AppleSeed (of which Roland is sole proprietor) is
also designing edible forest gardens at a small-scale production
farm in Massachusetts—near Roland’s current home in
Northampton—as well as a Friends elementary school in Connecticut
whose curriculum will be integrated with environmental science and
ecological awareness. “What I do is similar in some ways to
landscape architecture,” he says, “except it comes from
a holistic perspective, integrating food and energy production into
the design of human landscapes.”
Independent of AppleSeed, Roland is to helping launch
two nonprofit organizations. One focuses on “permaculture
across borders” and seeks funding to implement permaculture
design around the word, and create educational demonstration centers
that will become self-funding over time. The second organization
involves research on edible forest gardens: “We need to develop
a deeper understanding of the ecology of edible plants, and learn
how to mimic the structure and function of natural ecosystems.”

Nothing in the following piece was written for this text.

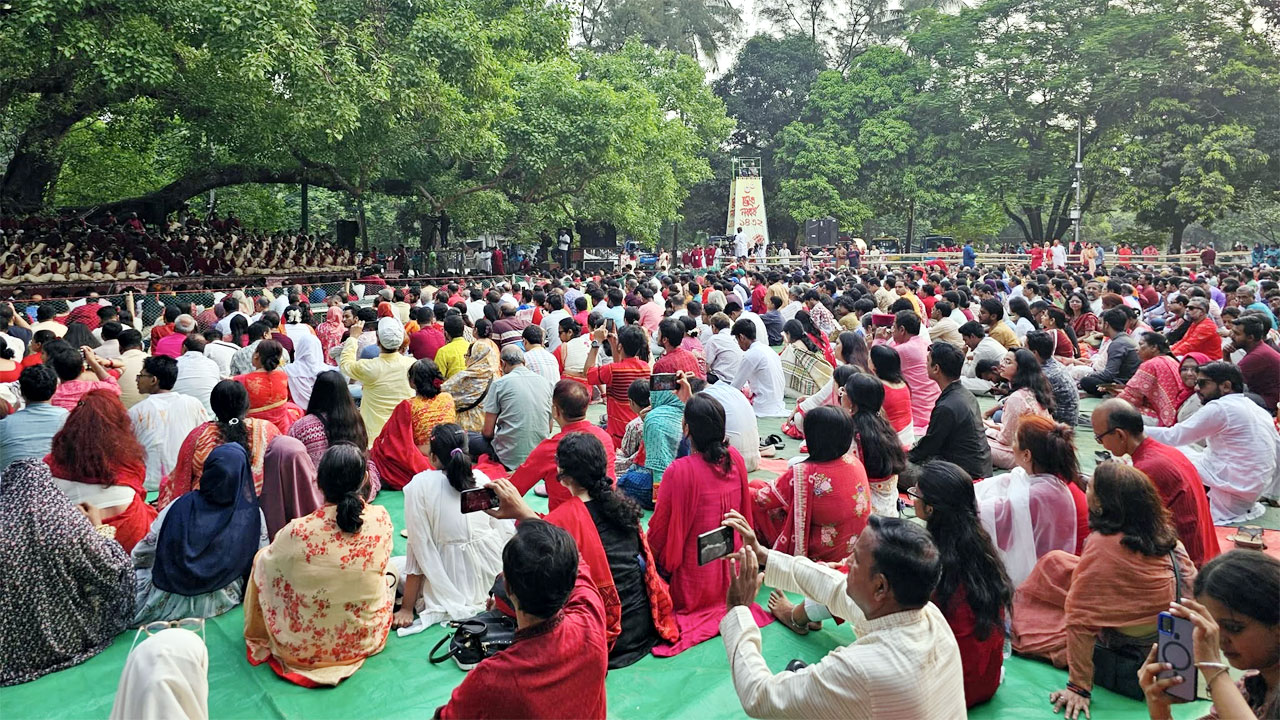 রমনার বটমূলে ছায়ানটের নতুন বর্ষবরণ অনুষ্ঠান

(For more information on either of these nonprofits, contact eroland@gmail.com.)
Ultimately, says Roland, permaculture can be invaluable
in reducing poverty and warfare, particularly in developing countries.
“When people can provide their basic needs for themselves,
and don’t have to rely on the government or anyone except
themselves and their families, they get back in touch with their
communities,” he explains. “Where is poverty in a place
where people can provide their own food, water, and energy? When
everyone finds themselves empowered to support their communities,
the need for conflict is radically reduced.”
Roland, himself, is ecstatic to be making his livelihood
in an area that “brings my ideals together with direct action
for positive change.” He stresses the fact that permaculture
is something in which anyone, anywhere, at any time can get involved:
“If you have the passion and the will, it can happen.”